▶ **Required action**: The lines needed are those from the start of the records through the line holding "6 Pièces Anneaux", each copied exactly.
+ + + +
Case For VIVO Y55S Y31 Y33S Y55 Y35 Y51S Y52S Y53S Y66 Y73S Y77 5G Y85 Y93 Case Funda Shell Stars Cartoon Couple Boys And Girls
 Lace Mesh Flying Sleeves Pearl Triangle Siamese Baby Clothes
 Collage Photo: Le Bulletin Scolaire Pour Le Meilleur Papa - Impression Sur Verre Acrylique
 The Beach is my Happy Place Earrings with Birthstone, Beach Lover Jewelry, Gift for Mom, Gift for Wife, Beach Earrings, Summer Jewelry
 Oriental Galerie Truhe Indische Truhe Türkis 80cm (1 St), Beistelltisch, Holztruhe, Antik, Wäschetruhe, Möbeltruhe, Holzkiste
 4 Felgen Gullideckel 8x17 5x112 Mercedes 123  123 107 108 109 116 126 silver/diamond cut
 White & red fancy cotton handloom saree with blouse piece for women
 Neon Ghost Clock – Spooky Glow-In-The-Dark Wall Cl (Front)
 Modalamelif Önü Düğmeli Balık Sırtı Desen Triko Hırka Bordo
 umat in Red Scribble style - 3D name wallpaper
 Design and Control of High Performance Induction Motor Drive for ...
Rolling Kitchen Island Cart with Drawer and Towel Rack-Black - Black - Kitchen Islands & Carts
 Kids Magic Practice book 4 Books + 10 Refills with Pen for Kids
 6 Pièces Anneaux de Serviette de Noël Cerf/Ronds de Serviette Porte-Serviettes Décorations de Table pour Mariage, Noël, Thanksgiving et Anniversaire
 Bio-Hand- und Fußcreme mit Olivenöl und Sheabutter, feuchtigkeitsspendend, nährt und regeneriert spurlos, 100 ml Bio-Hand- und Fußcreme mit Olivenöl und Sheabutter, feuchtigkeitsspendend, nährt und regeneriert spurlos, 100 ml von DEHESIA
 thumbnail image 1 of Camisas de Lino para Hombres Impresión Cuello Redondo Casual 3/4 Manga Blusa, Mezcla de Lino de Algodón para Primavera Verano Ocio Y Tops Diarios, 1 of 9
+ + + +
▶ **Exercise output**:
Case For VIVO Y55S Y31 Y33S Y55 Y35 Y51S Y52S Y53S Y66 Y73S Y77 5G Y85 Y93 Case Funda Shell Stars Cartoon Couple Boys And Girls
 Lace Mesh Flying Sleeves Pearl Triangle Siamese Baby Clothes
 Collage Photo: Le Bulletin Scolaire Pour Le Meilleur Papa - Impression Sur Verre Acrylique
 The Beach is my Happy Place Earrings with Birthstone, Beach Lover Jewelry, Gift for Mom, Gift for Wife, Beach Earrings, Summer Jewelry
 Oriental Galerie Truhe Indische Truhe Türkis 80cm (1 St), Beistelltisch, Holztruhe, Antik, Wäschetruhe, Möbeltruhe, Holzkiste
 4 Felgen Gullideckel 8x17 5x112 Mercedes 123  123 107 108 109 116 126 silver/diamond cut
 White & red fancy cotton handloom saree with blouse piece for women
 Neon Ghost Clock – Spooky Glow-In-The-Dark Wall Cl (Front)
 Modalamelif Önü Düğmeli Balık Sırtı Desen Triko Hırka Bordo
 umat in Red Scribble style - 3D name wallpaper
 Design and Control of High Performance Induction Motor Drive for ...
Rolling Kitchen Island Cart with Drawer and Towel Rack-Black - Black - Kitchen Islands & Carts
 Kids Magic Practice book 4 Books + 10 Refills with Pen for Kids
 6 Pièces Anneaux de Serviette de Noël Cerf/Ronds de Serviette Porte-Serviettes Décorations de Table pour Mariage, Noël, Thanksgiving et Anniversaire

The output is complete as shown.